Because of the deficiencies in the current education system in Australia & I suspect in other parts of the English speaking world, most will not have read any of Charles Dickens' classics, and so will be unaware of Micawber's famous quote in the novel 'David Copperfield':

"Annual income twenty pounds, annual expenditure nineteen pounds nineteen and six, result happiness. Annual income twenty pounds, annual expenditure twenty pounds ought and six, result misery."

Unfortunately some academics with political influence have not assisted by arguing that credit is good for the economy and that printing money is not only a necessary, but a good thing whenever a correction occurs in the market. They completely overlook the fact that it should be a responsibility for all sectors of society, individuals, organisations, bureaucracies, and politicians, to live within their means.

Even more unfortunately, politicians no longer accept responsibility for any mess made by their departments. Instead they clearly feel it is their right to misappropriate taxpayers funds, already gouged from the workforce and companies, to fix a mess like the insulation debacle, or to run expensive advertising campaigns explaining why they think they are right, like proposing the asinine Resources Super Profits Tax (RSPT).

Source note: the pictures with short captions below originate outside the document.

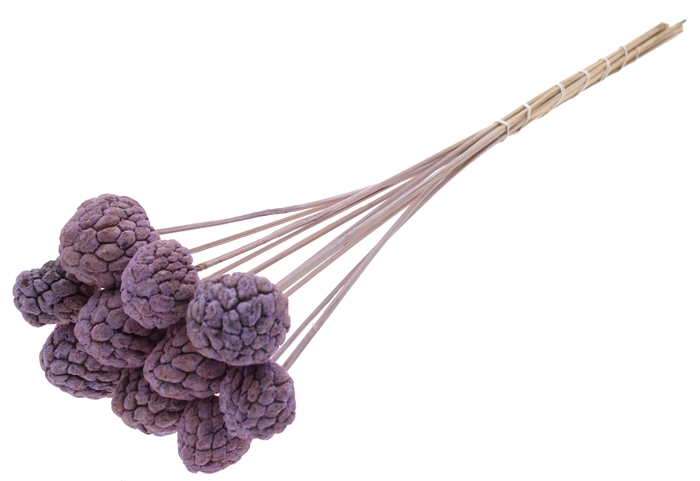 Atta Fruit on stem Intense Frosted Milka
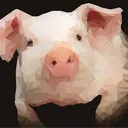 piggypiglet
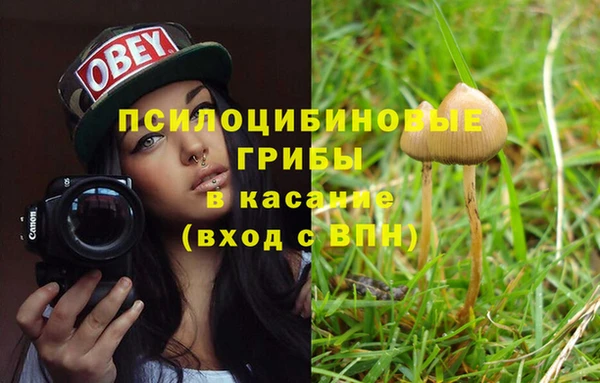 эйфоретик Бородино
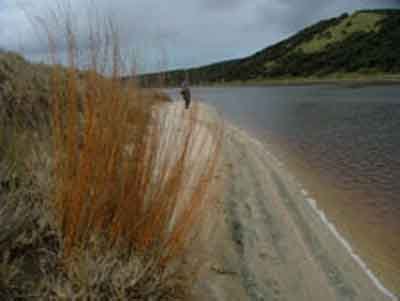 Kapowairua (Spirits Bay) Campsite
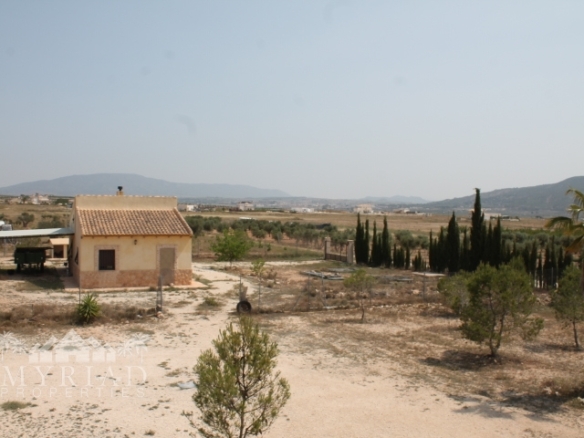 Country House in Pinoso (Ref: MP6034)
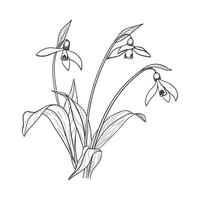 Vector Illustration of Snowdrop Flowers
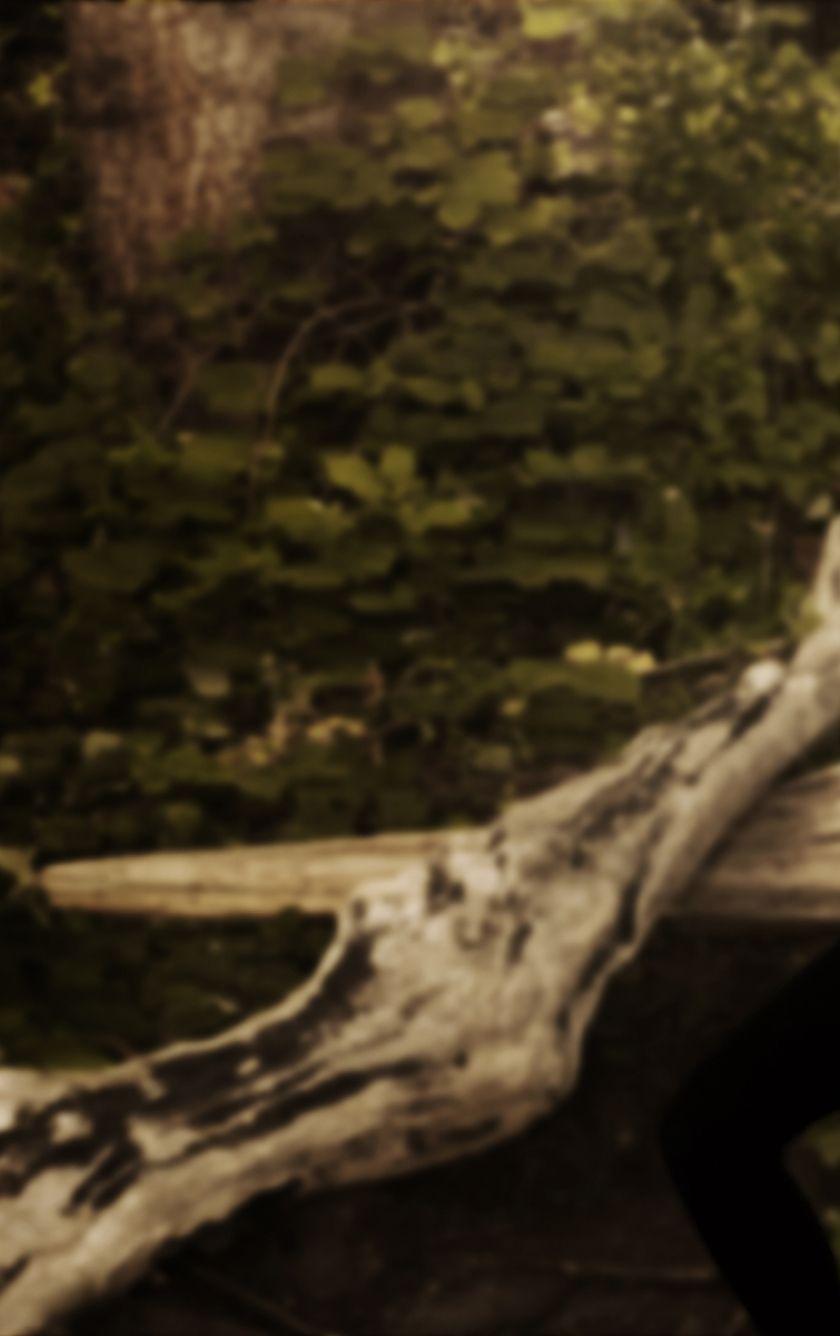840x1336 Britt Robertson Pretty HD Wallpaper 840x1336 Resolution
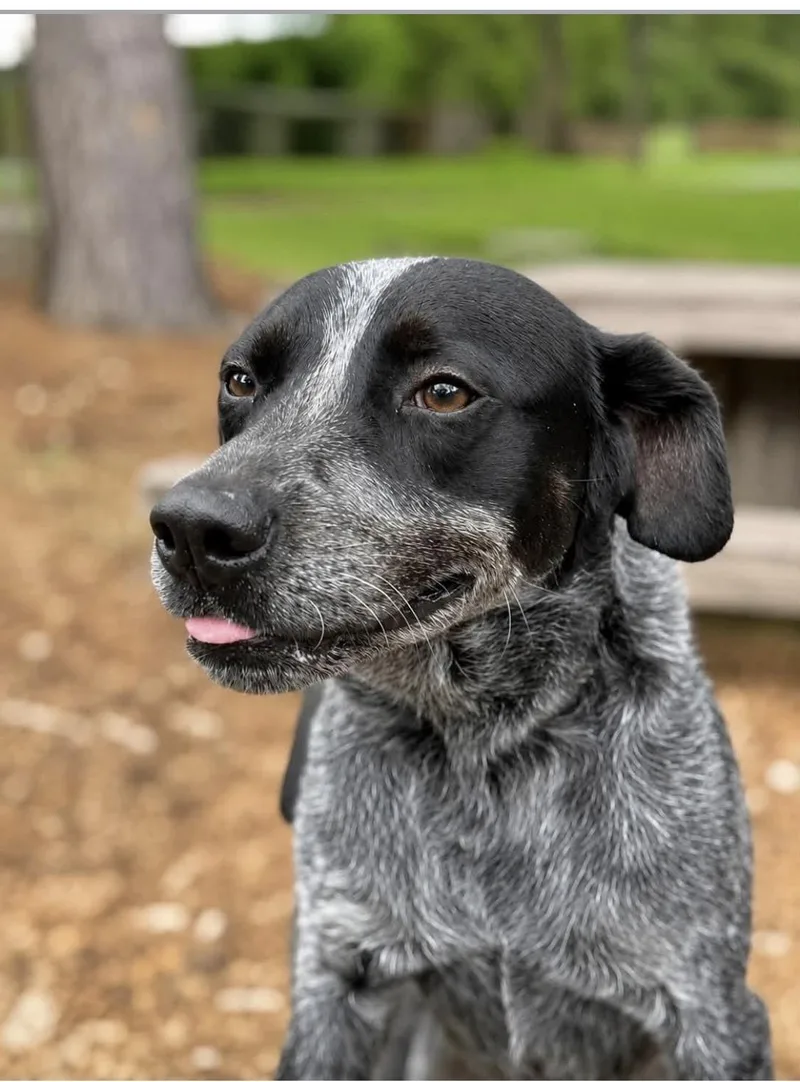 A young medium-sized male Australian Cattle Dog / Blue Heeler dog named Bandit for adoption in Alexander City, AL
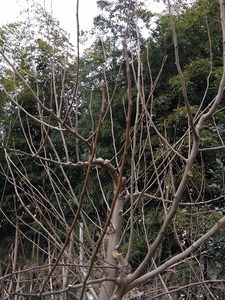 ラフランス枝2017.2.22.jpg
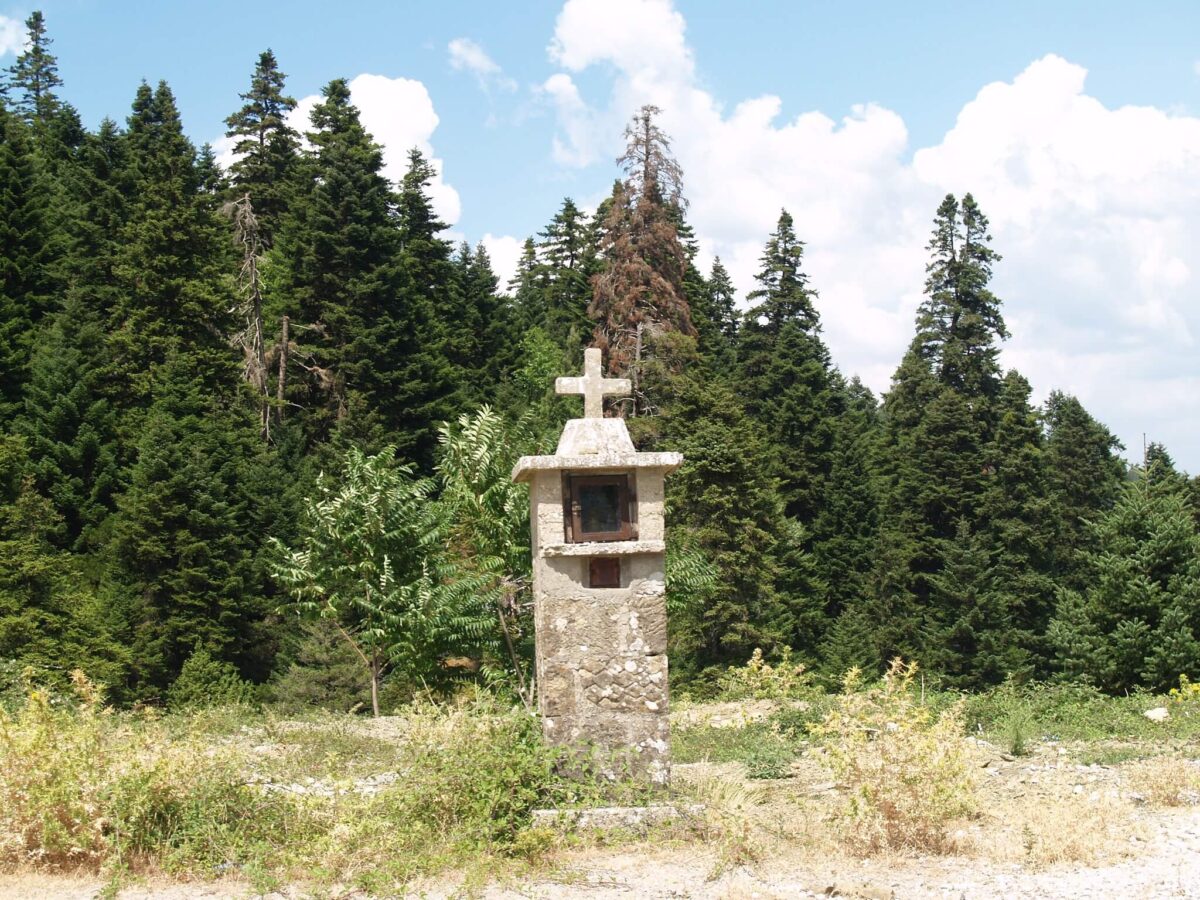 582537889 10240711406231773 3404093894497534528 n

The companies opposing the RSPT have the right to do so to protect their international competitive edge for the benefit of Australia and are using company funds. In doing so they are also discharging their responsibility to protect the interests of their shareholders who have advanced the funds, after paying tax of course, to develop mineral resources for the benefit of all Australians.

By the same token, if politicians, on the advice of their departments or personally, make a bad decision, they have the right to fix or explain it to taxpayers. However, their responsibility is to ensure that the funds, in the interests of equity, come from their or the relevant department's existing budget, which has already been funded by taxpayers, and the persons responsible demoted or sacked, as they would be in private enterprise.

Unfortunately, the apathy of voters has allowed this situation to develop. However, this apathy appears to be disappearing fast as the current correction bites into their savings and they see how they have been and are being used. Even politicians' attempts to assuage public feeling about their mistakes, by spending lavishly on welfare projects that have little real benefit & which should rightly be the responsibility of individuals, seem to be loosing any appeal they might have had.

Perhaps the pendulum is beginning to swing at last to a position of equilibrium between rights and responsibilities.